As for Twitter’s billionaire chief executive, the technical problems “showed how Twitter is operating far from seamlessly, turning what was supposed to be a crowning event for Musk into something of an embarrassment,” the New York Times’s Ryan Mac writes.
From the courts
The gifts Justice Thomas used to declare

Supreme Court Justice Clarence Thomas attends the ceremonial swearing-in ceremony for Amy Coney Barrett on the South Lawn of the White House on Oct. 26, 2020. (Tasos Katopodis/Getty Images)
Newly resurfaced financial disclosure forms from the 1990s show that Supreme Court Justice Clarence Thomas, who is currently under fire for omitting information from his reports, once paid scrupulous attention to the items he reported, going as far as to report gifts worth less than $100 and clarify whether he received free travel on a private aircraft or a commercial one.

Thomas also disclosed the employment details of his wife, conservative activist Virginia “Ginni” Thomas, according to a review of documents from 1992 until 1999 that The Post obtained from Documented and Common Cause.

But Thomas stopped reporting the source of his wife’s income in 1997.

The justice is currently under fire for failing to disclose gifts, travel and real estate deals involving Dallas billionaire Harlan Crow.

Some of the gifts contained in the newly recovered forms, including a 1997 trip to the San Francisco area and stay at the Bohemian Grove, an exclusive all-male retreat in California, were paid for by Crow and previously reported by the Los Angeles Times in 2004.

The details
Private travel vs. commercial travel: Thomas reported receiving free plane trips and accommodations from various universities, associations and friends to deliver speeches and attend dinners, according to a review of disclosure forms during that seven-year period. At that time, he distinguished between private and commercial travel.

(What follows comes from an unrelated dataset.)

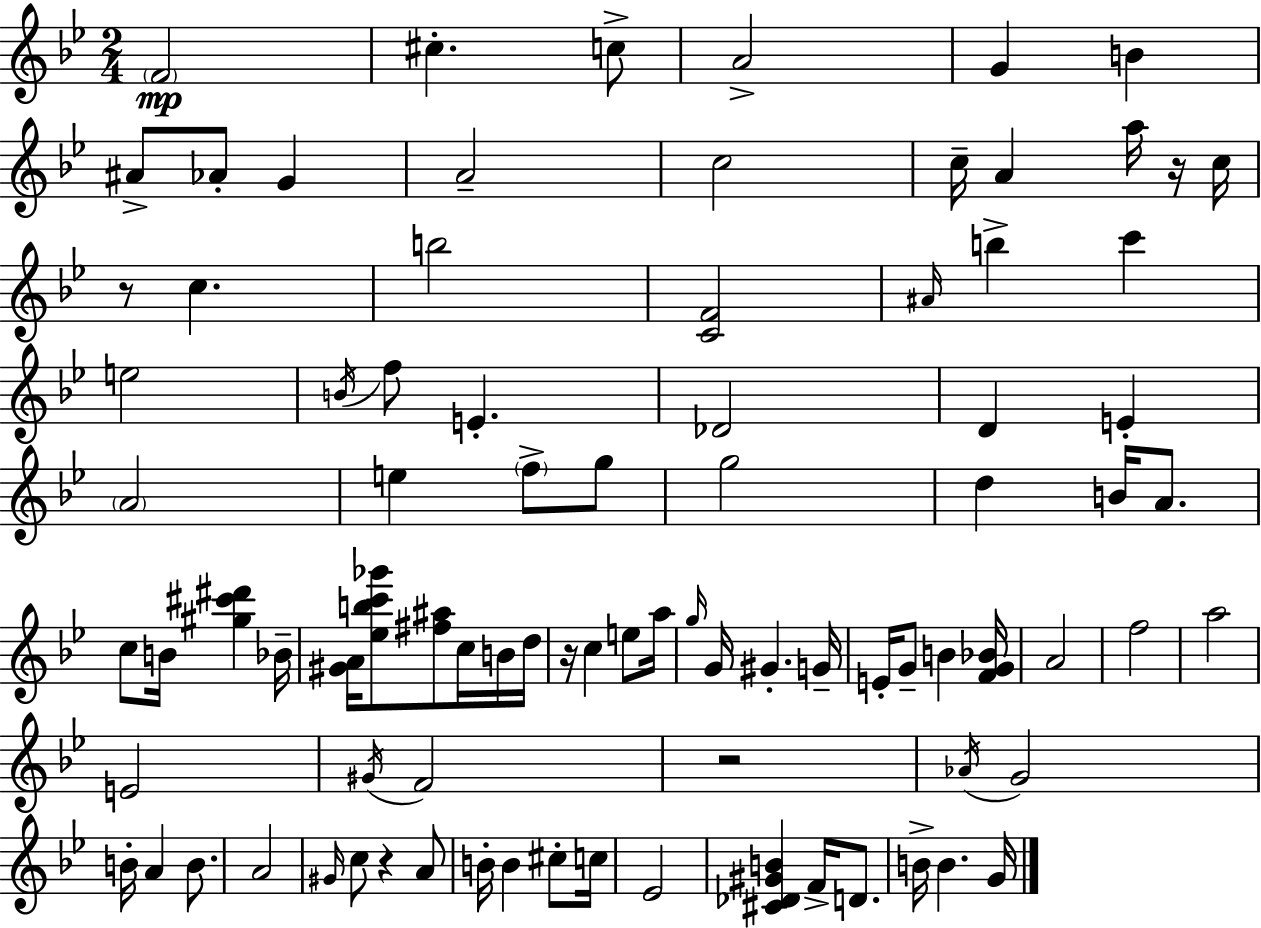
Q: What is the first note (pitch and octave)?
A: F4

For example, Thomas reported receiving a free trip on a private jet to a Dallas Cowboys award dinner in 1994, according to the documents. He also reported traveling on a private plane to the 1999 Daytona 500. He served as grand marshal for the race during that year. All in all, Thomas reported accepting 15 private trips out of more than 70 total trips.
Ginni Thomas’s employer: Thomas is required to disclose the source of his spouse’s income under The Ethics in Government Act of 1978 and did so up until 1997. At that time, Ginni Thomas worked for House Majority Leader Dick Armey (R-Tex.) and then the Heritage Foundation beginning in 1999.

As our colleagues Shawn Boburg and Emma Brown reported last month, Thomas updated his financial disclosure forms in 2011 to include his wife’s employer after Common Cause raised red flags. “The justice said at the time that he had not understood the filing instructions.”
Gift reporting: During this seven-year period, Thomas reported receiving a wide range of gifts, including $100 in cigars from talk-show host Rush Limbaugh and a bust of British Prime Minister Winston Churchill worth $400 from The Claremont Institute.

The Los Angeles Times reported that from 1998 through 2003, Thomas received $42,200 in gifts — the most of any justice. Since then, however, Thomas has only reported accepting two gifts (both from Crow): a bronze bust of Frederick Douglass, valued at $6,484.12, and an award from Yale Law School, Thomas’s alma mater, that included a glass medallion and brass plaque valued at $530, per Emma and Shawn.